* [DIRECTIONS]:
Leaving the pictures aside, restate all of the data exactly.

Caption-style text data
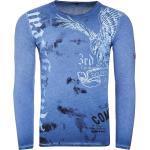 Marineblaue Langärmelige Rusty Neal T-Shirts aus Baumwolle für Herren Größe L 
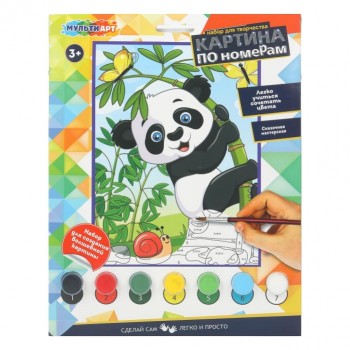Раскраска по номерам 17х23 см. "Панда и бамбук"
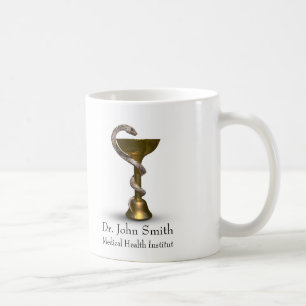 Medische slang Bronze Bowl Hygieia White Caduceus Koffiemok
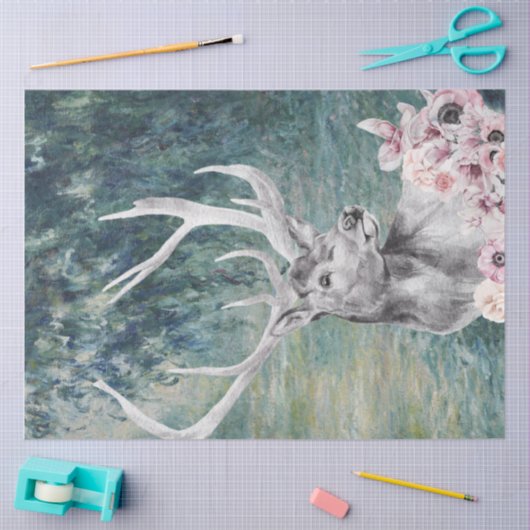 Waterverf op Monet's morning Seine Tissuepapier (Craft)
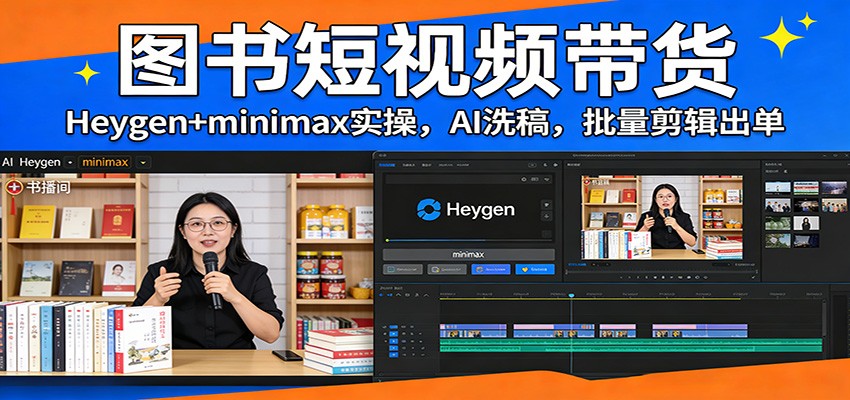 图书短视频带货：Heygen+minimax实操，AI洗稿 ，批量剪辑出单-川川创富网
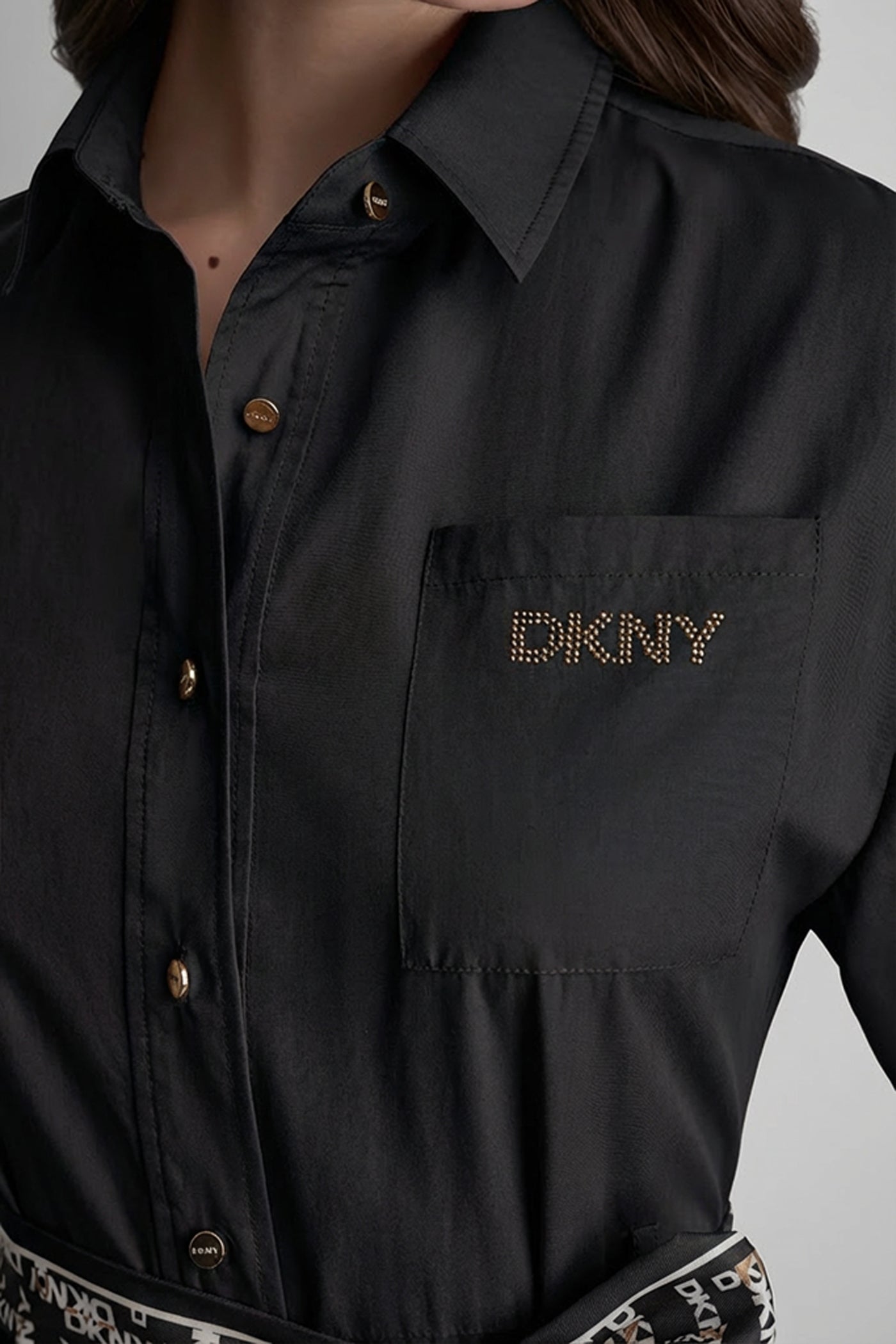 ELBOW SLEEVE BUTTON FRONT DRESS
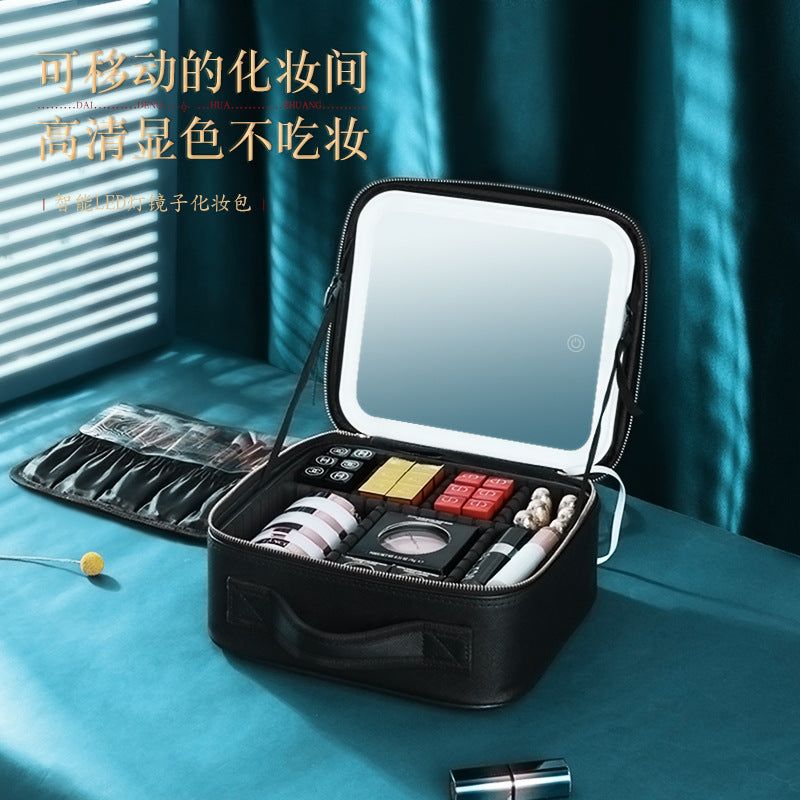 image-Makeup Case with Mirror & Light - Large PU Leather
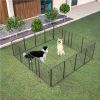 40in Outdoor Fence Heavy Duty Dog Pens 16 Panels Temporary Pet Playpen with Doors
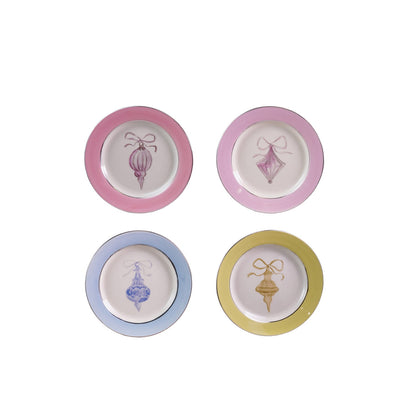 Christmas Trinket Dish -Stoneware Plate with Ornament Image & Electroplated Edges, 4 Styles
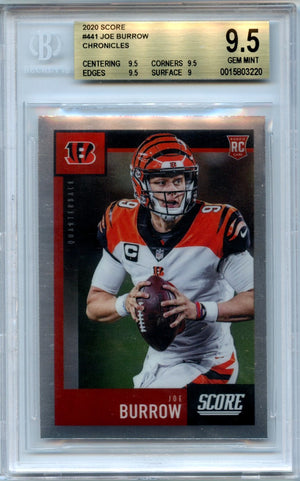 Joe Burrow 2020 Score Chronicles Rookie #441 BGS 9.5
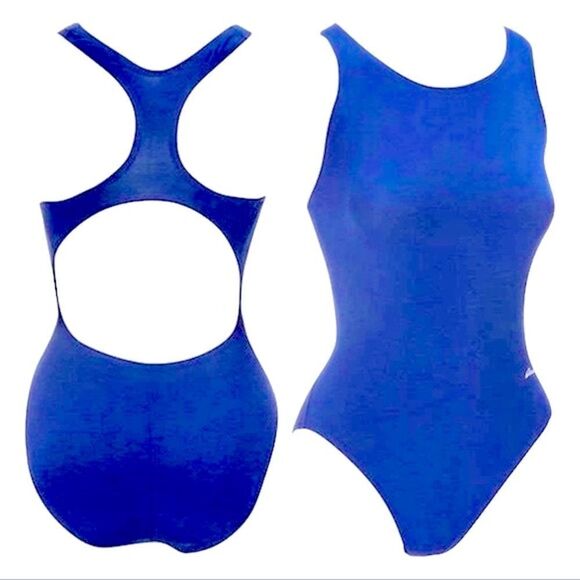 “Dolphin Ocean” Racing Solid Performance Back One Piece Swimsuit • NWT - Picture 4 of 14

* [OUTPUT FOR THIS TASK]:
 Marineblaue Langärmelige Rusty Neal T-Shirts aus Baumwolle für Herren Größe L 
Раскраска по номерам 17х23 см. "Панда и бамбук"
 Medische slang Bronze Bowl Hygieia White Caduceus Koffiemok
 Waterverf op Monet's morning Seine Tissuepapier (Craft)
 图书短视频带货：Heygen+minimax实操，AI洗稿 ，批量剪辑出单-川川创富网
 ELBOW SLEEVE BUTTON FRONT DRESS
 image-Makeup Case with Mirror & Light - Large PU Leather
 40in Outdoor Fence Heavy Duty Dog Pens 16 Panels Temporary Pet Playpen with Doors
 Christmas Trinket Dish -Stoneware Plate with Ornament Image & Electroplated Edges, 4 Styles
 Joe Burrow 2020 Score Chronicles Rookie #441 BGS 9.5
 “Dolphin Ocean” Racing Solid Performance Back One Piece Swimsuit • NWT - Picture 4 of 14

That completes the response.